Pusić: Regional cooperation important to Croatia and EU

(Hina) - Cooperation among countries in Southeast Europe is a subject intensively discussed within the European Union, which is "important and good" for Croatia because stability of the region and economic cooperation are in its own interest

(Hina) - Cooperation among countries in Southeast Europe is a subject intensively discussed within the European Union, which is "important and good" for Croatia because stability of the region and economic cooperation are in its own interest, the Croatian Deputy Prime Minister and Minister of Foreign and European Affairs, Vesna Pusić, said in Bled, Slovenia on Tuesday.

"This region is important to us," Pusić said, adding that Croatia and Slovenia were not excluded from the region by virtue of being EU members.
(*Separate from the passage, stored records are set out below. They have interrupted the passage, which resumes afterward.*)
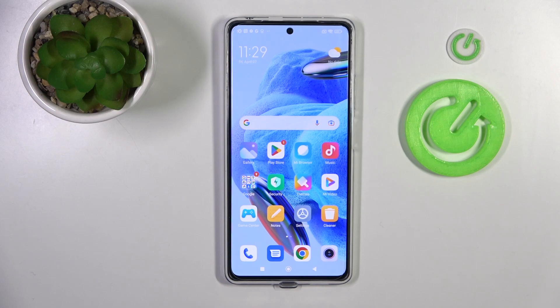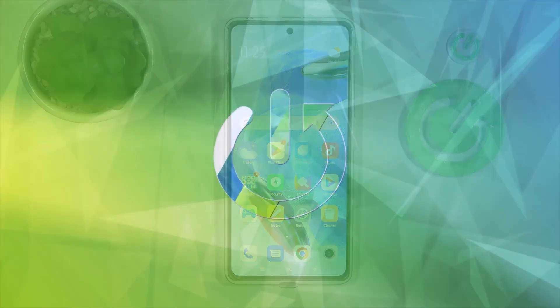Welcome! Today I will show you how to switch on or off screen touches in a screen recorder on your Redmi Note 12 Pro.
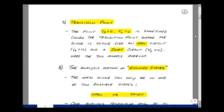On the plot of the voltage and current characteristics, the point of zero current and zero volts has a special name — it's called the transition point. That's where the diode is acting like an open circuit and a short circuit simultaneously. This is covered by both models, but it's the overlapping of the two.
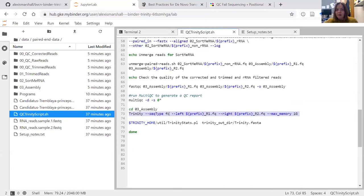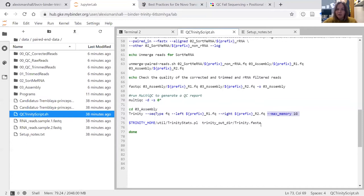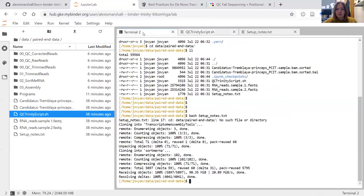Once MultiQC has run, we change into the assembly folder and run Trinity. Trinity here takes a FASTQ input, left reads, right reads, and we have a memory limit based on the Binder environment - this just ensures Trinity doesn't fail. Once Trinity has finished, we run the Trinity Stats Perl script, which tells us the average size of our assembled transcripts, and then it finishes.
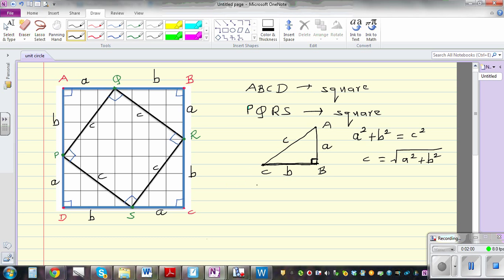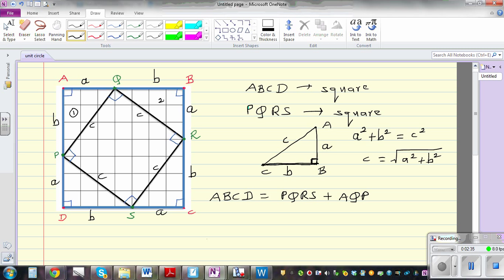By looking at this diagram, the area of ABCD is equal to the area of PQRS plus the area of four triangles. Those four triangles are: triangle AQP, and then the second, third, and fourth triangles in each corner of the outer square.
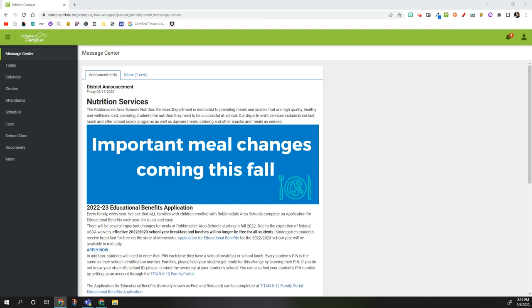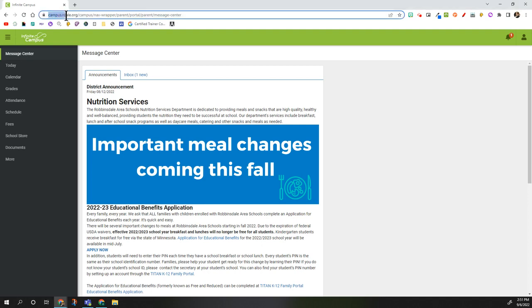To find your student's ID number, first log in to your parent portal on Infinite Campus or campus.ardale.org.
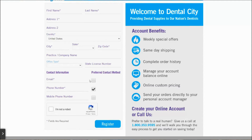This helps us expedite creating your online account. Enter your business email and practice phone number. Then, let us know you're not a robot, as robots do not need dental supplies. Finally, click Register.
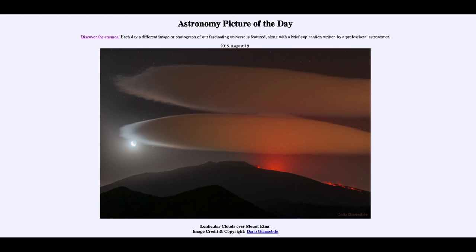That was our picture of the day for August the 19th of 2019, titled Lenticular Clouds Over Mount Etna. We'll be back again tomorrow for the next picture, previewed to be Black Hole Spiral, so we'll see what that is about tomorrow. Until then, have a great day everyone, and I will see you in class.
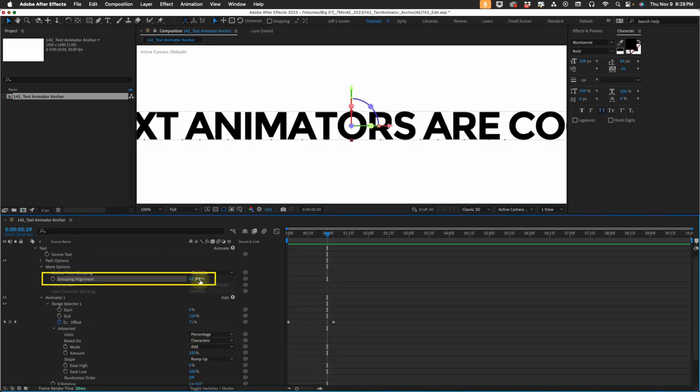And that's how you can quickly adjust the anchor point of a text animator using the grouping alignment Y value percentage.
She noted that the two countries have a certain responsibility towards the region because it is a crisis area and their interest is stability.

"There is a tendency for countries from the region to be excluded from it after they enter the EU, but I am confident that it is not so," Pusić said. "Our task is to change the picture of the region little by little," Pusić told the press during the Bled Strategic Forum, which had drawn more than 500 participants from 65 countries. She took part in the panel "The Future of the Western Balkans – How to Make Regional Cooperation Work".

Pusić recalled that regional cooperation had been the subject of several international and regional conferences recently, mentioning a recent meeting of regional presidents in Dubrovnik, the Croatia Forum before that, and a recent conference in Berlin organised by German Chancellor Angela Merkel.

Before the panel, Pusić met with Slovenian Foreign Minister Karl Erjavec with whom she discussed bilateral relations, the situation in the region and the crisis in Ukraine. She said that relations between Croatia and Slovenia were good.

Speaking of the problem of Yugoslav-era foreign currency savings of Croatian clients with Slovenia's Ljubljanska Banka, Pusić said that a recent ruling by the European Court of Human Rights, which upheld claims by depositors, did not change the position of Croatia that an alternative solution to the issue could be found within the Mokrice Memorandum. However, until the issue is solved alternatively, lawsuits against Ljubljanska Banka will continue before Croatian courts, she added.

The panel was also attended by Serbia's First Deputy Prime Minister and Minister of Foreign Affairs, Ivica Dačić, the Undersecretary of State at the Italian Ministry of Foreign Affairs, Benedetto Della Vedova, the Foreign Policy Adviser to the President of Slovenia, Marko Makovec, Montenegro's Undersecretary of State for European Integration, Aleksandar Andrija Pejović, and Macedonian Foreign Minister Nikola Poposki.